Two of the nation's most powerful scientific organizations -- the National Academy of Sciences Institute of Medicine and the Federation of American Societies of Experimental Biology (FASEB) -- are locked in a fierce political battle over how the government should spend research dollars. At issue is a proposal over how to spend some money that now goes directly to research on training new scientists and maintaining research labs. In a flurry of briefings, press releases and heated public denunciations, both groups and their supporters have accused each other of "distortion," "hysteria" and worse.
"It's the worst outbreak of nasty talk among the savants in white coats I've ever seen," said Dan Greenberg, publisher of Science & Government Report and a veteran observer of scientific politics. "It's the first time they've ever held press conferences to declare the other guy's an idiot."
The stakes are high and involve how the federal government spends hundreds of millions of dollars from its annual $5.6 billion budget for biomedical research grants.
The struggle pits traditional academic rivals against each other: working scientists in FASEB who feel starved for grant money and scientific leaders in the Institute of Medicine who fear that university research labs are crumbling for lack of upkeep. But many say the latest clash between the two sides portends the increasingly bitter battle for funds from a deficit-strapped government that cannot afford to be as generous in the future as it was in the past.

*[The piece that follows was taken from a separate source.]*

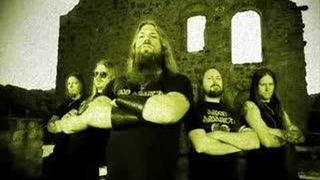 AMON AMARTH - Thousand years of oppression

The current fight started last month when the Institute issued a 250-page report, which called on the government to shift about $12 million a year that now goes to research into training and to rearrange other funds to provide universities with more to repair and maintain aging labs.

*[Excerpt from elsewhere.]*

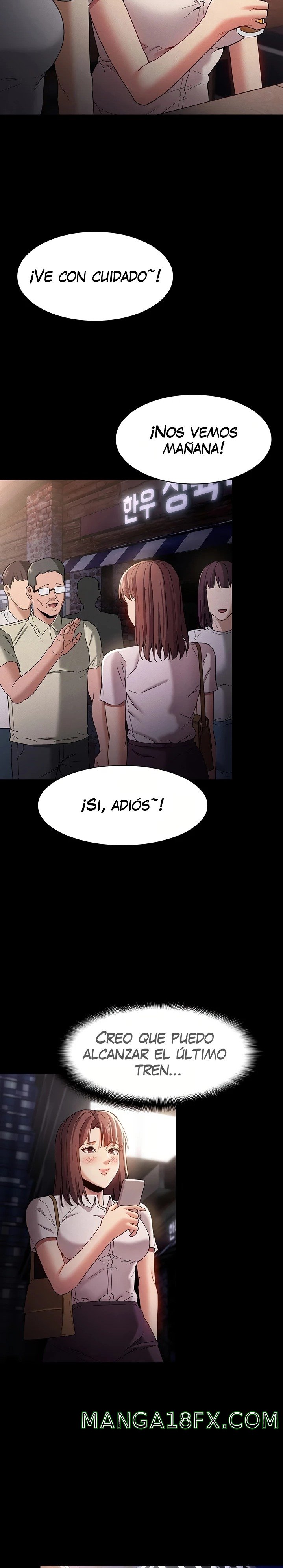 Pervert Diary Raw Chapter 10 image 25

But the report came at a bad time for scientists. First, there was the issue of paying for lab upkeep, a touchy subject among researchers that has grown distinctly more sensitive in recent years. Universities can claim a percentage over the amount of a researcher's grant to cover everything from janitorial services to administration, their so-called indirect cost rate. Scientists have always felt that universities claimed too much.
But the subject has taken on new heat as indirect cost rates turned sharply upward. Faculty threatened a sit-in last fall at Stanford University when the school announced that its rate was going to 84 percent from 74 percent.

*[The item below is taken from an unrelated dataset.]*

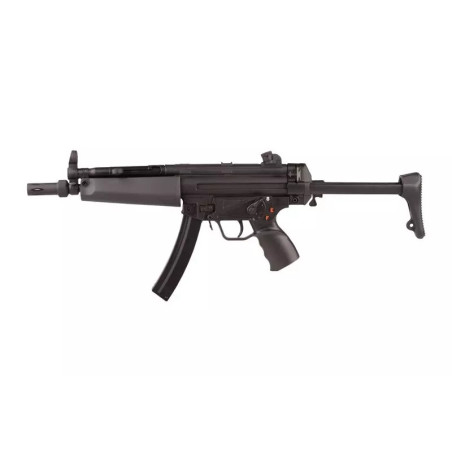 CA5A3 Submachine Gun Replica with Broad Grip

Because of budget limitations, the National Institutes of Health, the chief dispenser of federal research money, has slashed the number of new grants it awards annually to an expected 4,600 this year from 6,400 in 1987. According to Robert M. Rosenzweig, president of the Washington-based Association of American Universities, the cutback has left scientists, especially young ones, "close to hysterical" about landing grants and thus distinctly disinterested in other uses for the funds they seek.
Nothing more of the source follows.